How to complete this task: In the data that follows, count the lines in which the word "Fleece" occurs, and report that figure alone.

(Web page caption snippets)

========================================

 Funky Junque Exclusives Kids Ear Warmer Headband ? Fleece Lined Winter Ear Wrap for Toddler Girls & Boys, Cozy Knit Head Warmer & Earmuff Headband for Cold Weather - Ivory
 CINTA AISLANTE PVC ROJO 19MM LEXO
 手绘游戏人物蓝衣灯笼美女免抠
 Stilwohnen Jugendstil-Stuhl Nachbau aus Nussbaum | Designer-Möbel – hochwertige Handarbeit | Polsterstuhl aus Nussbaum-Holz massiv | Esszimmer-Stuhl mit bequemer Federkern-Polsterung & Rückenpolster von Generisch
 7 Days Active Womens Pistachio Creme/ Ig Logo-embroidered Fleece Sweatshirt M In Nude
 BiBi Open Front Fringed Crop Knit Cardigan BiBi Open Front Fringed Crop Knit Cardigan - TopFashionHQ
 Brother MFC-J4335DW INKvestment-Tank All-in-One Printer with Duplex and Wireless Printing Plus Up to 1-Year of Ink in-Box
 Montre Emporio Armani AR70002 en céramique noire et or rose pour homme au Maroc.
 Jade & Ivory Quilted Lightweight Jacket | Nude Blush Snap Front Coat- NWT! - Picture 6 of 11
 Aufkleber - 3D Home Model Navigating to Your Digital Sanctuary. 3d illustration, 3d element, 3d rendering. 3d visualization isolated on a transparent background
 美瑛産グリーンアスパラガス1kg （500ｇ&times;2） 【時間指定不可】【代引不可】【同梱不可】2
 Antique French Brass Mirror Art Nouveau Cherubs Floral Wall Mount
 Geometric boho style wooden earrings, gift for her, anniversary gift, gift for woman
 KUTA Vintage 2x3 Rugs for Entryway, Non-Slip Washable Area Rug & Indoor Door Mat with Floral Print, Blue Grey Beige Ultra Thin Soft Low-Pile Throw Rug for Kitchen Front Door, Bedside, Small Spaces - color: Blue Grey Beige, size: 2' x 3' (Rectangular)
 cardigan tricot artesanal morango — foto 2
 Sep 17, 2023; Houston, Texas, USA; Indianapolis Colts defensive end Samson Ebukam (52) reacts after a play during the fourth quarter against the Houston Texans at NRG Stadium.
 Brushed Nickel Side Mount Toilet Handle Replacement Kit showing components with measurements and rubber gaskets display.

========================================

Task output: 2